By a show of hands could you show us how many of you voted for George W. Bush in 2000?

RAY SUAREZ:

These mill owners were heavy supporters of President Bush in 2000.

SPOKESMAN:

How many of you are committed to voting for George W. Bush in 2004?

RAY SUAREZ:

But they said they're withholding judgment this time, revving up voter registration drives among their workers and promising to support candidates who will save their industry.

FRED REISS:

This is not about a war that is continuing in Iraq as a police state, this is not about some issue that occurred two years ago in New York. This election in our opinion is going to swing on this jobs issue in 2004.

RAY SUAREZ:

The war in Iraq has not been a central campaign theme in a state that has supported the U.S. invasion, so the economy has taken center stage here.

SEN. JOSEPH LIEBERMAN:

We gotta figure out how to keep jobs here, stop the bleeding and work together with business and workers to create a whole new generation of jobs.

AL SHARPTON:

Rather than giving tax cuts to billionaires and tax cuts to multinational corporations, I'd give a two-year tax deferment for businesses to get started, get on their feet, because they will hire people in the community, that's real entrepreneurship.

RAY SUAREZ:

Wesley Clark spoke to textile workers in a union hall in Rock Hill, S.C.

GEN. WESLEY CLARK:

Family values is about jobs and under George W. Bush we've lost far too many of them. Two and a half million manufacturing jobs. In the last three years the sad truth is that America's greatest export has been the export of American jobs.

RAY SUAREZ:

The Center for Community Change, a national advocacy group for low-income Americans, ran a candidates' forum in Columbia last week that gave struggling Americans a chance they rarely get: to quiz candidates on economic issues.

YOUNG MAN:

Are we in danger of creating a class system in this country by making it harder for poor young people to go to college?

HOWARD DEAN:

The answer is we are, as long as George Bush is president we are going to create a permanent class system, and we're going to change that as soon as we possibly can.

RAY SUAREZ:

And the gap between rich and poor has become the signature issue for the Edwards campaign. He stresses it in front of every audience.

SEN. JOHN EDWARDS:

We live in a country where there are really still two different Americas: One for those families who get everything they need, and one for everybody else. It doesn't have to be that way.

RAY SUAREZ:

Democrats told us again and again they agree with making the economy the single biggest issue here.

RUTH CRISCO:

I'm from a plant that closed and closed out close to 7,000 people out of work. Plant closings and jobs going, the trade market is the reason we're not going to have our jobs.

EARL WILCOX:

I keep coming back to the economy because I think that's it.

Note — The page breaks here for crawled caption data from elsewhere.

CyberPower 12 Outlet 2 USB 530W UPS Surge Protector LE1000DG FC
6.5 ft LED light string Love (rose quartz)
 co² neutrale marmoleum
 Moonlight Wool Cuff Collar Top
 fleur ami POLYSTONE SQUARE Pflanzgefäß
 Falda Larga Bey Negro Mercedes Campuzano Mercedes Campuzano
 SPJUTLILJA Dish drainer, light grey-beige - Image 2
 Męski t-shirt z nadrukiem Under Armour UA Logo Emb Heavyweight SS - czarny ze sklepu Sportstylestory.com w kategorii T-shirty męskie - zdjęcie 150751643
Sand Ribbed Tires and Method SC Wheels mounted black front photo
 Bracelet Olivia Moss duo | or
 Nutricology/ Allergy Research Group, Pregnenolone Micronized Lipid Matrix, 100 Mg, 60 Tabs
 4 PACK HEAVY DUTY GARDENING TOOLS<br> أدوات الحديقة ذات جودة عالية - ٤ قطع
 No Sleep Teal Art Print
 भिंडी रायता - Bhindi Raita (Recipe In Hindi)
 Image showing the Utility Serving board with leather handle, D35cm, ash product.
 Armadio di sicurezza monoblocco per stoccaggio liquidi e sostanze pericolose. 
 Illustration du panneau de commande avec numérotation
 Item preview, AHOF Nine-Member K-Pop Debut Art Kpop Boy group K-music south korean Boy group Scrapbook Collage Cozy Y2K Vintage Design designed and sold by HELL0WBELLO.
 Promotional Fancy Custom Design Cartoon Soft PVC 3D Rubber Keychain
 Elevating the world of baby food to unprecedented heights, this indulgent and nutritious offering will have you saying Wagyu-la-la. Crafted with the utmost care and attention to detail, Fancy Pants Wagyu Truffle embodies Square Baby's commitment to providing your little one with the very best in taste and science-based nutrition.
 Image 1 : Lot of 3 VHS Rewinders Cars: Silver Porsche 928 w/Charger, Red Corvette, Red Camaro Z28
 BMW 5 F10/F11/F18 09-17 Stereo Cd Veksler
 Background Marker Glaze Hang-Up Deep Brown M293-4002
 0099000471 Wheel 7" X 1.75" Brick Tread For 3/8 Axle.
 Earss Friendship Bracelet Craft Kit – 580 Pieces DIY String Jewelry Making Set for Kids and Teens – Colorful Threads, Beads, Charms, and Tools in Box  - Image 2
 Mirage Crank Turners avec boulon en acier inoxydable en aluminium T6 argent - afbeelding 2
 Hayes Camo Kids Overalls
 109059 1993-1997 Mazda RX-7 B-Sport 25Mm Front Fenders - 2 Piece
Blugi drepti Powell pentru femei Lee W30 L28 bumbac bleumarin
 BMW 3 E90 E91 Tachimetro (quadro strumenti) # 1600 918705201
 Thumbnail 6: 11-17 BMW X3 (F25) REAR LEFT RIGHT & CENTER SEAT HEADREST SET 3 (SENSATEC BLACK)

And I think electability is an important issue. But you have to keep defining that in relation to the big picture, not in terms of the primary, but in the long run.

RAY SUAREZ:

The Republican Party has made religious faith and values a strong part of its appeal in the South — churches across this state were filled to the brim yesterday. Sociologists may call this the most segregated hour in American life, but at the same time, black and white churchgoers had in common a comfort with a role for religion in politics.

CHARLES DICKERSON:

I think that we live in a country of morals, and unless we have a moral leader, then we can't expect for the right thing to be done when in fact the nation is tested.

RAY SUAREZ:

At Bible Way Baptist Church in Columbia, John Edwards was welcomed at Sunday morning worship. Across town at Shandon Presbyterian the style of worship was different, but many of the conclusions the same.

CAROLINE PUCKETT:

I think it's important for a lot of Southerners to have a candidate that has a strong faith. I think the question would be what their intentions are, what their motives in professing their faith. Is it to get the Southern vote or is it to project their image as being, you know, a Southerner, but I think it definitely is important as long as people perceive it as being sincere.

DR. LEWIS GALLOWAY, Pastor:

People have a lot of misconceptions about the separation of church and state. It's the institution of church that should be separate from the institution of government. But we certainly think the church should have a moral influence over common concerns for the larger community.

RAY SUAREZ:

Professor Carter doesn't think religion puts the Democrats at a permanent disadvantage in the South.

DAN CARTER:

What is virtuous about throwing people out of work and leaving them to fend for themselves when we know that however much faith-based groups or churches can do, they can't take the place of a good job, so you attack the faith issue in that way.

RAY SUAREZ:

Representative Jerry Govan is the head of South Carolina's House Black Caucus. He thinks his party can do a lot better here this time around.

STATE REP. JERRY GOVAN:

You talk about the core values that the people of this state are interested in, in terms of how they can improve their quality of life, how they can take care of their families, and how government is not going to be their enemy but their friend, and work with them in terms of getting through the hard times; how, basically, government can be not a burden but a help.

SEN. JOHN EDWARDS:

Also, the teachers…

RAY SUAREZ:

The day before the vote, the pollsters have encouraging news for do-or-die John Edwards. The North Carolina senator leads John Kerry here, from five to 12 points in a range of surveys.